(Work to be completed)
Repeat the full listing below verbatim and keep the images out.

(The data)
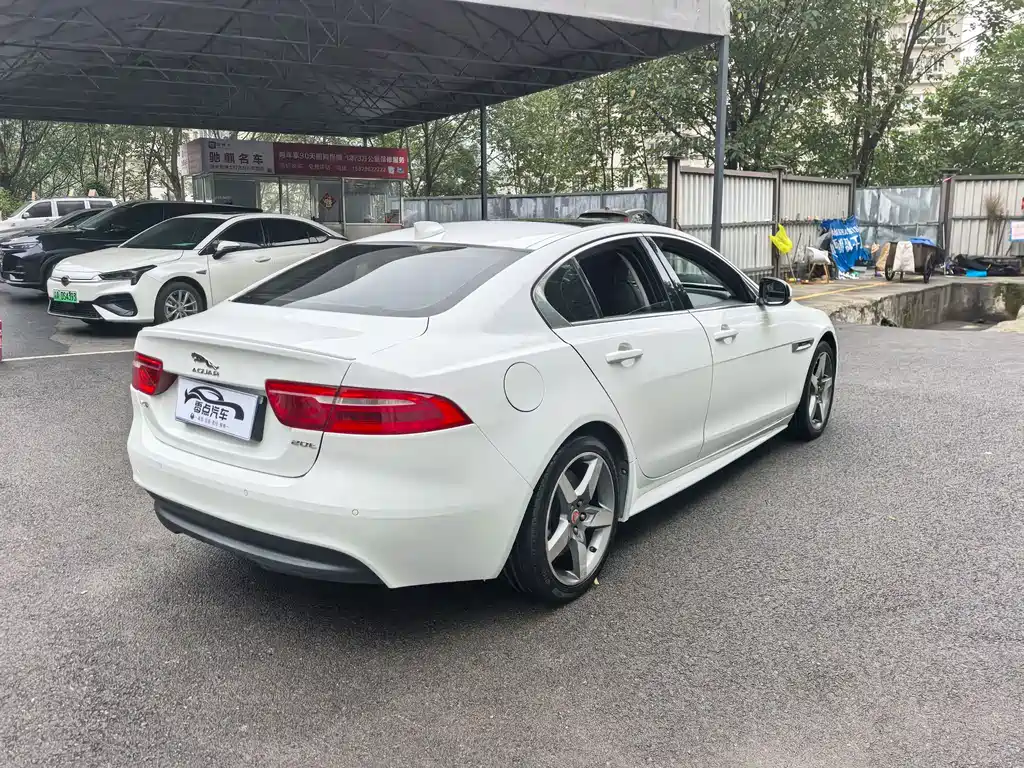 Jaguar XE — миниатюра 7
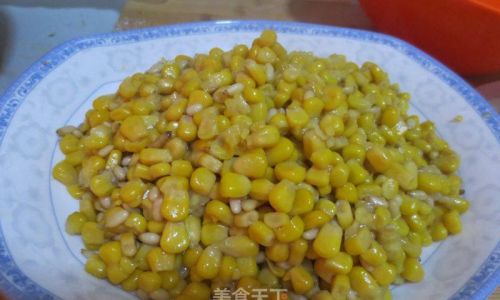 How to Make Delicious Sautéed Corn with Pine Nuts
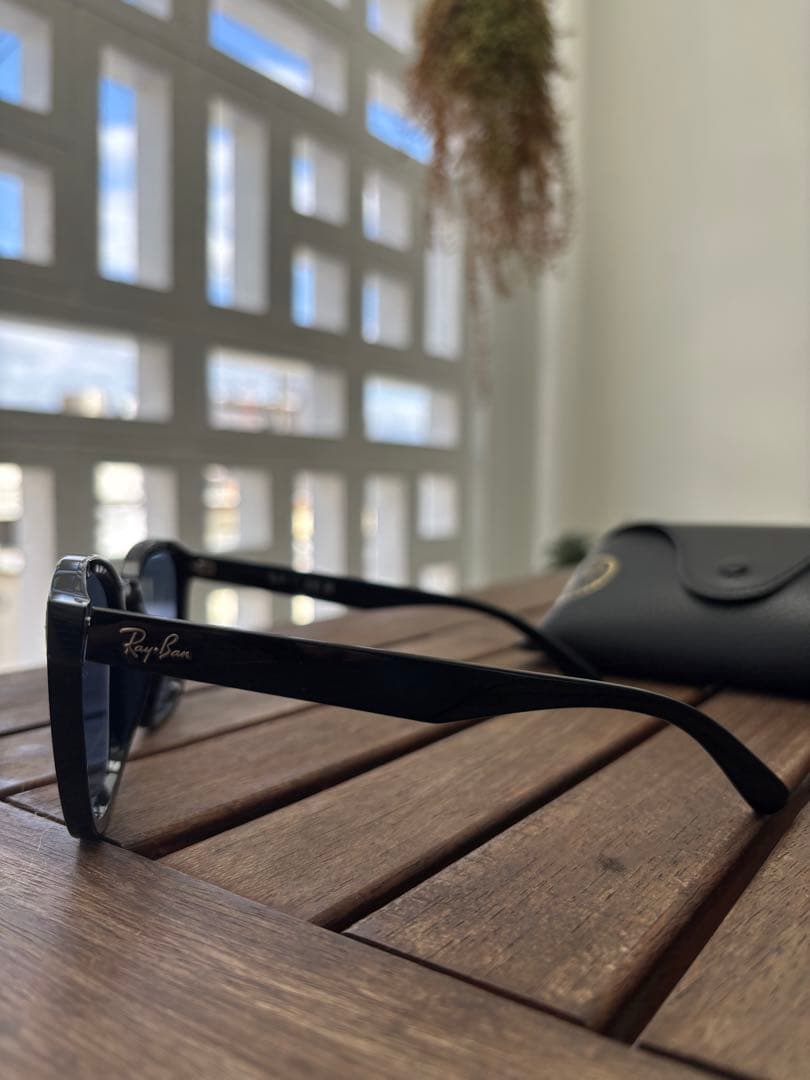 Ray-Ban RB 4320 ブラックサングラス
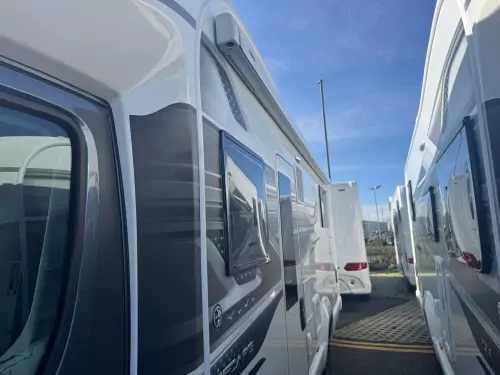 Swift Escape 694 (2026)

(Written solution)
 Jaguar XE — миниатюра 7
 How to Make Delicious Sautéed Corn with Pine Nuts
 Ray-Ban RB 4320 ブラックサングラス
 Swift Escape 694 (2026)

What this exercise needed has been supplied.